Ayşe Şahin | Depremin Aldıkları ve Bıraktıkları Üzerine

ANA SAYFADeneme

Ayşe Şahin | Depremin Aldıkları ve Bıraktıkları Üzerine

Ayşe Şahin, Depremin Aldıkları ve Bıraktıkları Üzerine başlıklı yazısıyla edebiyatdaima.com'da.

Elif Yavaş | Doğaya Övgü
Eda Tosun | Gül Dikeni
Mehmet Mustafa Erdal | Ahlak Eğitimi

DEPREMİN ALDIKLARI VE BIRAKTIKLARI ÜZERİNE

Ayşe Şahin

Ait olmadığım bu şehrin kalabalık sokaklarında dolaşırken bambaşka yüzler görüyorum. Biri diğerine benzemeyen yüzler; kimileri daha ait bu şehre, kimileri her yere yeni görmeye başlamış bebek merakıyla bakıyor, kimileri yabancı, ait değil ve olmak da istemiyor, kimileri kendi şehrini özlüyor. Biz o günlerde işte bu sonunculardandık. Kendi şehrinin hasreti ile yananlardan ama dönebilecek bir evi olmayanlardandık. Şehir yıkılmış, evler yıkılmış, hayaller yıkılmıştı ve biz ait olmadığımız bu şehre (şartlarımız ne olursa olsun) sığınmıştık.

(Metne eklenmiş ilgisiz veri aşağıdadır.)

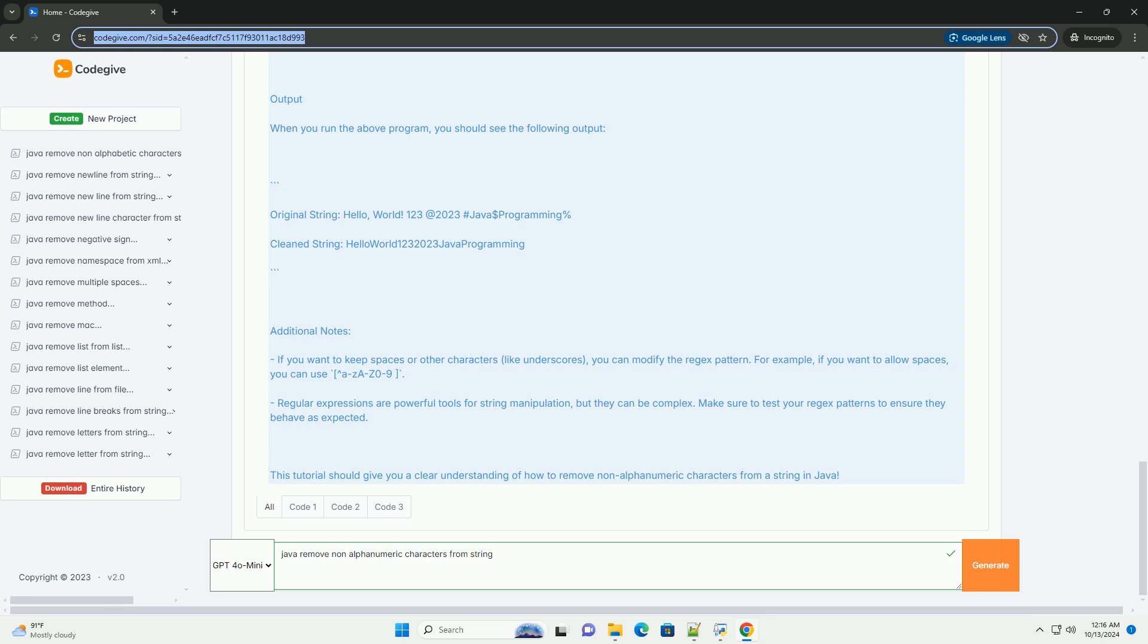Additional Notes: If you want to keep spaces or other characters, like underscores, you can modify the regex pattern. For example, if you want to allow spaces, you can use caret-a-z-A-Z-0-9 space. Regular expressions are powerful tools for string manipulation, but they can be complex. Make sure to test your regex patterns to ensure they behave as expected.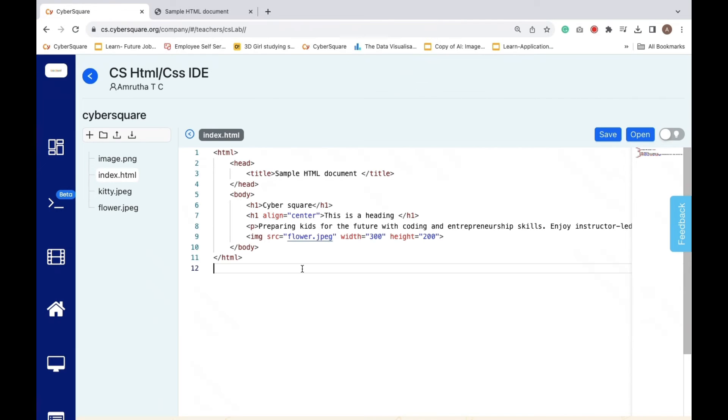HTML documents are created using HTML tags. HTML tags are keywords, or tag names, surrounded by angle brackets.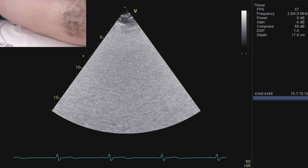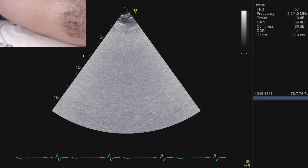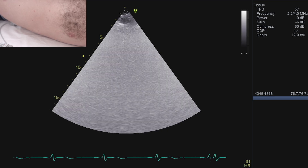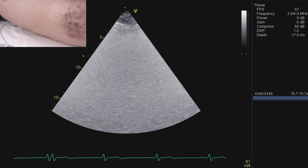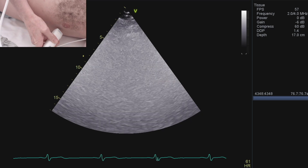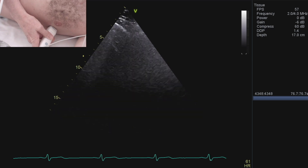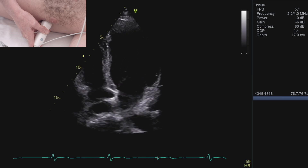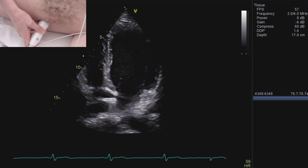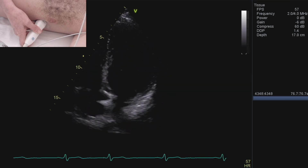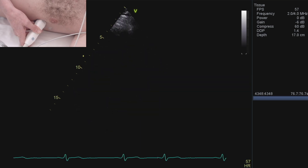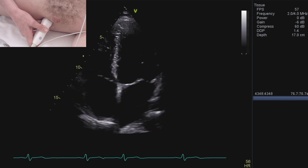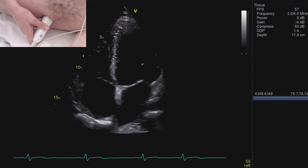Now we're going to move on to a completely different echo window — the apical window, to get a series of apical views. This means putting the probe on the apex beat, with the notch angled towards the left shoulder. The trick is to get the view as well as you can, as far down the chest as possible, so you're not foreshortening.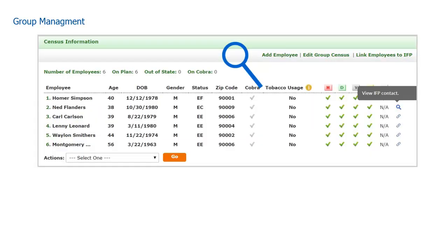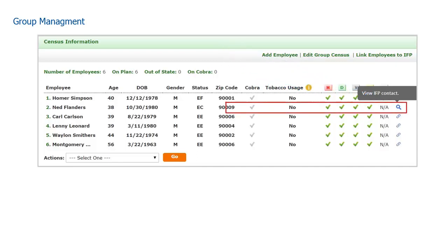When we return to the Group Management page, you can also see there is a magnifying glass icon noting the person also exists in the individual CRM. We can easily jump there by clicking on the same icon.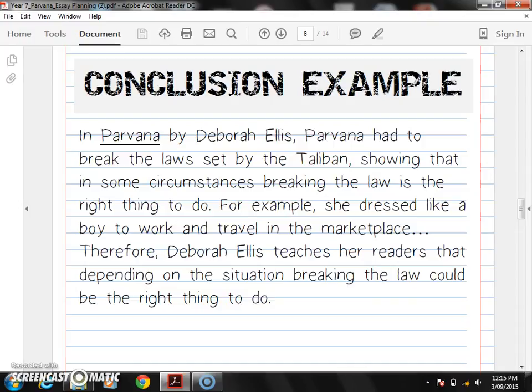Should we say 'In Parvana by Deborah Ellis' at the start? It's up to you. You could get rid of that and jump straight in: Parvana had to break the laws set by the Taliban, showing that in some circumstances, breaking the law is the right thing to do — that would be perfect. How do you think of it? Reminding, rewording, restating — the three R's! I love that. I'm going to steal it forever. Everyone should write that down in their essay notes. So the conclusion is reminding, restating, rewording. Excellent.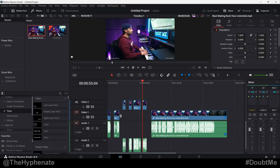Hey, what's up everybody, it's the Hyphen-A here, and today I'm going to show you guys how to delete all the gaps in your timeline in DaVinci Resolve. So let's say you have a bunch of clips with empty spaces — doesn't matter which video or audio track they're on — with one quick keyboard shortcut you can get rid of all your gaps and put all your clips next to each other.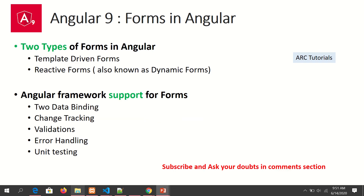There are two important types of forms in Angular. For the end user it's just a form, but how we process the data internally in our application is the key difference. The first type is template-driven forms, and the second is reactive forms, also known as dynamic forms or model-driven forms. We'll explore and learn about them in detail in the coming tutorials.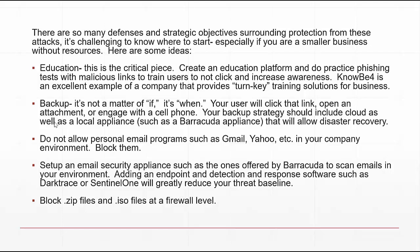Setting up a security appliance such as those offered by Barracuda to scan emails in your environment is a great first-stage protection. Also, endpoint detection and response software such as Darktrace and Microsoft Sentinel will scan and monitor issues in real time to reduce your threat baseline. Finally, blocking ZIP files and ISO files at the firewall level is mandatory.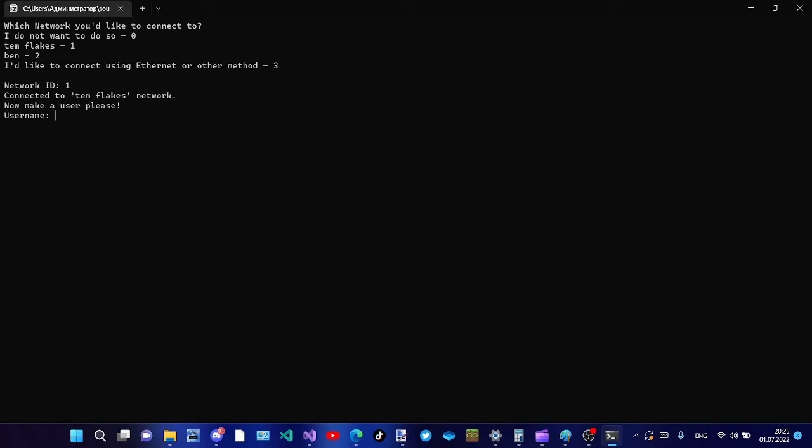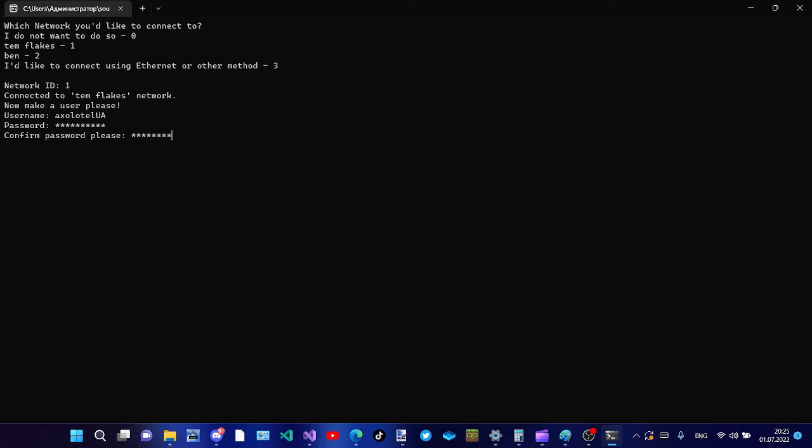Now make a user, please. Axolotl UA. Okay.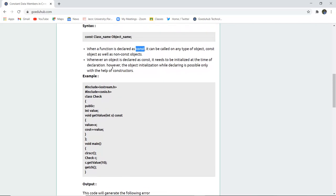A function can be declared at any particular time but the object needs to be initialized at the time of declaration.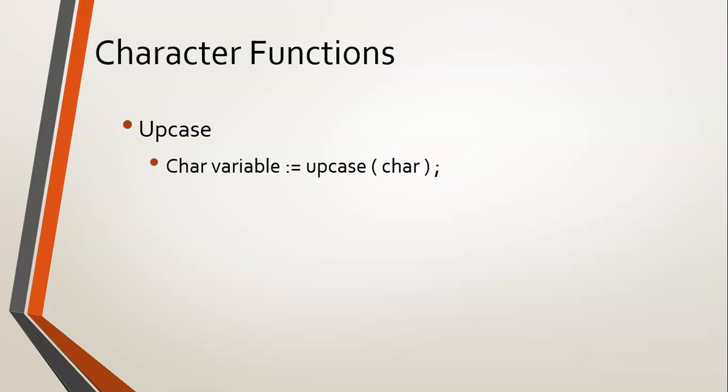The way it works is you give it a parameter of a character, of a char, and it returns a char variable. Whatever variable that you gave it, if it was a letter character, it will change it to a capital letter.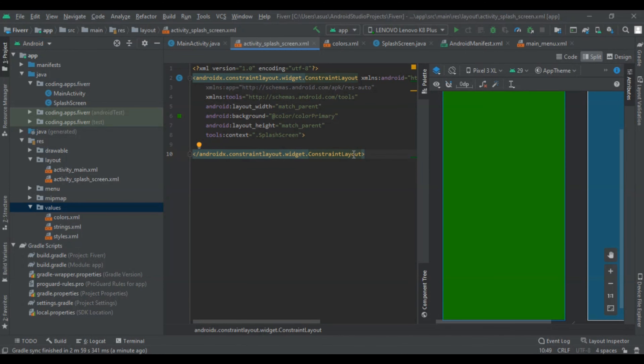In this 5th part of how to convert a website into an Android app playlist, we are going to create a splash screen for our app which will have a great animation.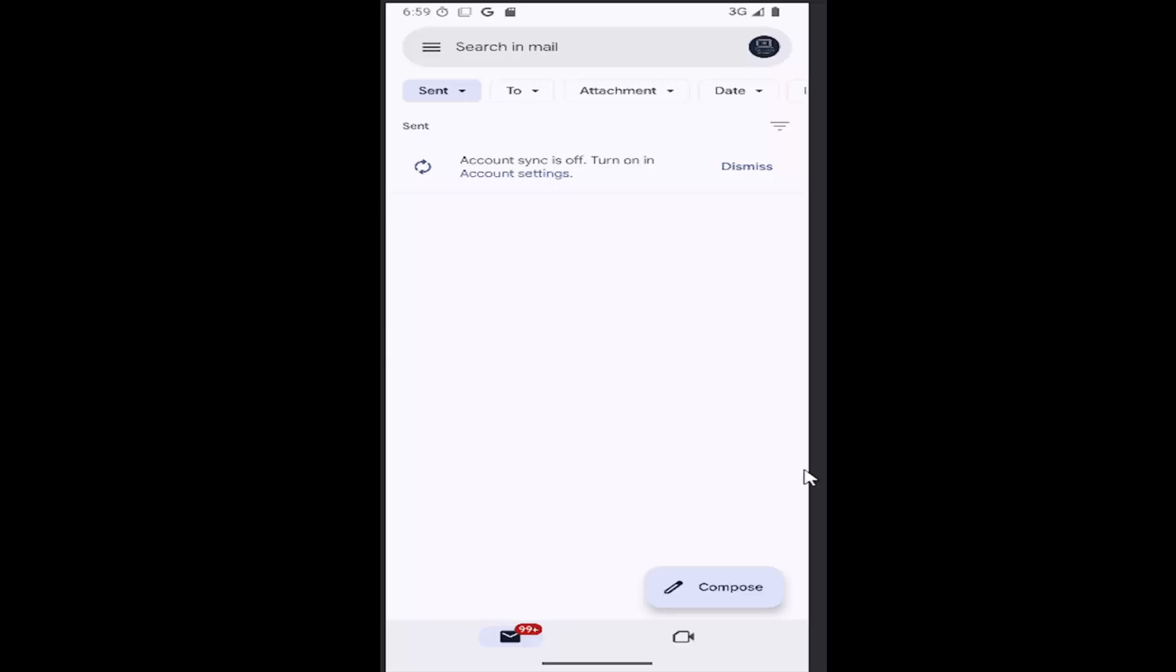It should be a pretty straightforward process, and we're going to jump right into it. Just select your user profile up in the top right when you're signed into the app.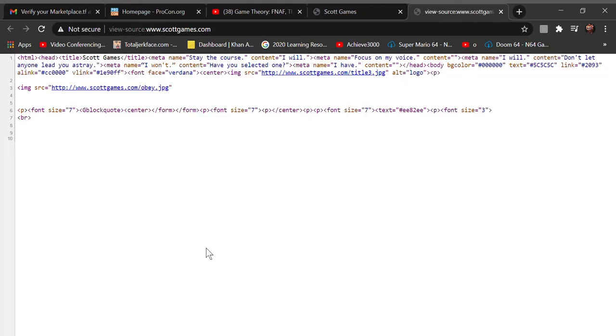So you go to view page source. You right click, and then you go next up.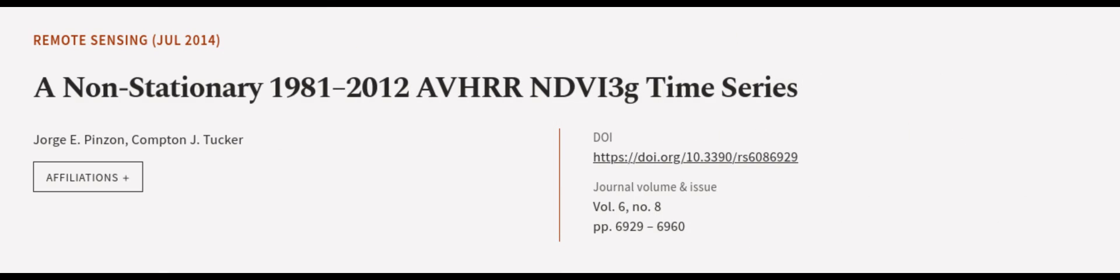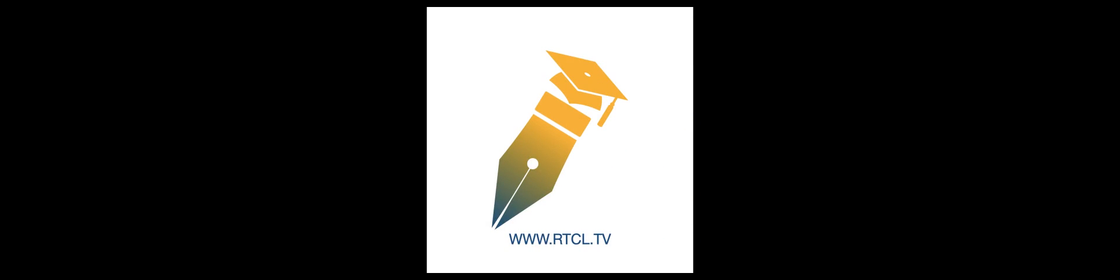This article was authored by Jorge E. Pinzon and Compton J. Tucker. Wearearticle.tv, links in the description below.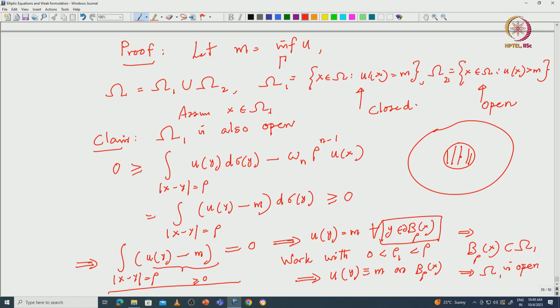Since Ω_1 is both open and closed, and Ω is connected, if Ω_1 is non-empty then Ω_1 = Ω, meaning u is identically m (constant). Thus if there is any interior point where the minimum is achieved, u must be constant throughout Ω. This proves the strong maximum principle. We discussed this in detail in the first PDE course, and next we will prove one maximum principle for the weak formulation.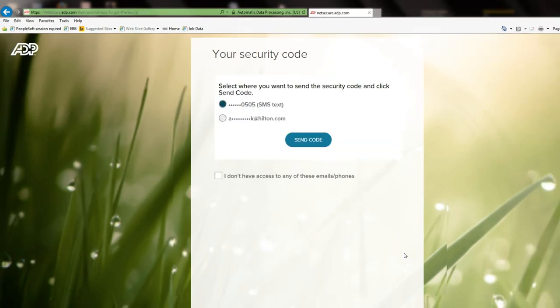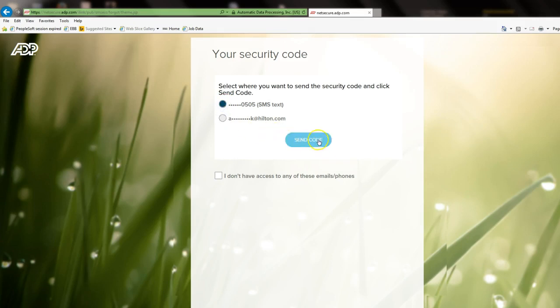ADP will send you a security code via text or email. Select which one you prefer and select Send Code.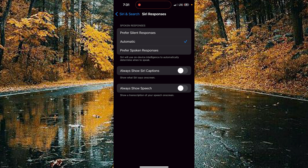Here you can also enable Always Show Siri Captions, which shows what Siri says on screen. By turning on this option, you can allow caption generation for Siri.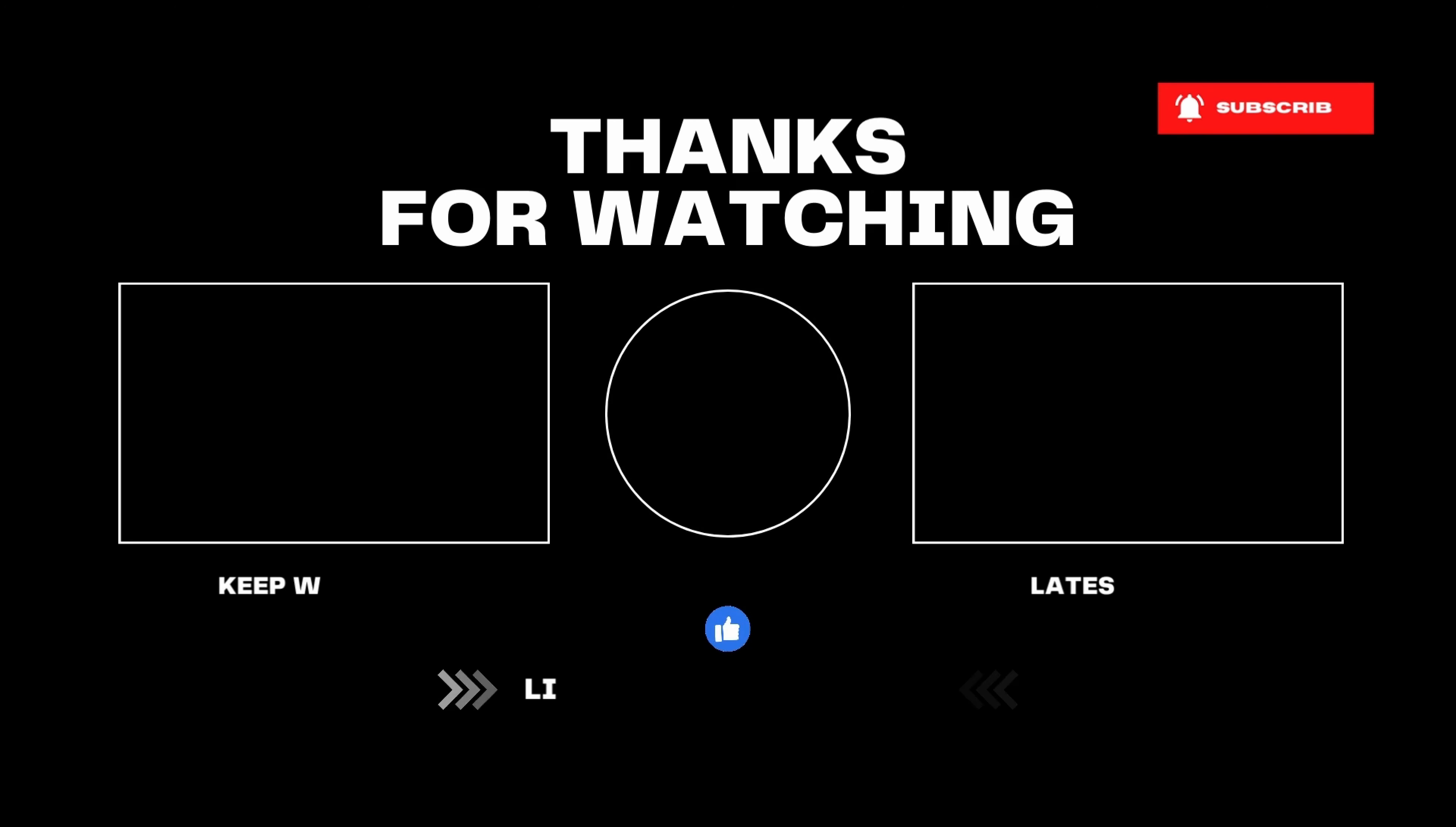Consider watching another one of my tutorials and don't forget to subscribe for more useful and educative content. Have a great day!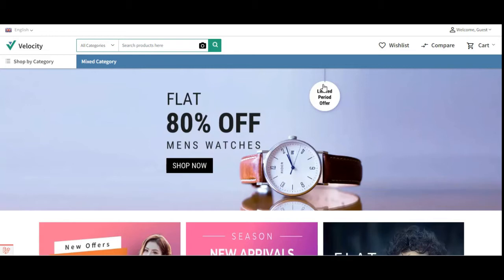These swatch types can be dropdown, color swatch, image swatch, and text swatch. We'll be seeing all of these starting from the dropdown, then the color swatch, image swatch, and the text swatch, after we have created the configurable product using the respective attribute for which we have set the property 'used to create configurable product' as yes, from the admin backend panel.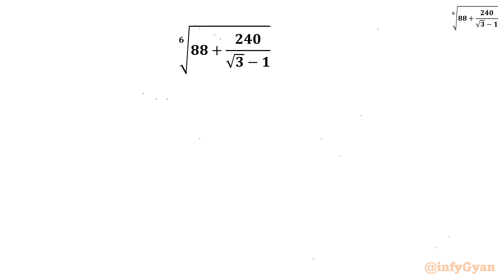Welcome to Infigyan, my dear friends. In this video we have another very interesting question from Radical Mathematics. We have to evaluate the sixth root. Let's get started by considering the given expression equal to E.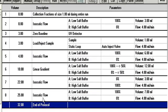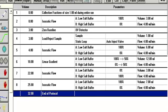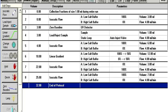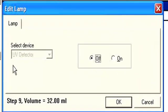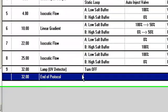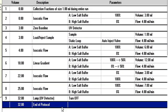And the final step, which isn't in the pre-programmed protocols, would really be to turn off the UV. So to turn off your lamp, you can click on these buttons here to add steps. So lamp off, and there we go. Now our lamp is off. So we're all set to go. We're ready to run our protocol.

Hepimizin hayatta kalabilmesi bir mucizeydi. O gece hayat bize biraz daha kalabilirsiniz demişti sanki, sanki rezervasyonu biraz daha uzatmıştık. Bedenlerimiz hayatta kaldı belki ama biz yine de pek hayat’ta sayılmazdık. Çünkü hayat eve ait bir şeydir. Çünkü hayat evin eşiğidir. Biz o gece eşiklerimizi kaybederek aslında hayatlarımızı da kaybetmiştik.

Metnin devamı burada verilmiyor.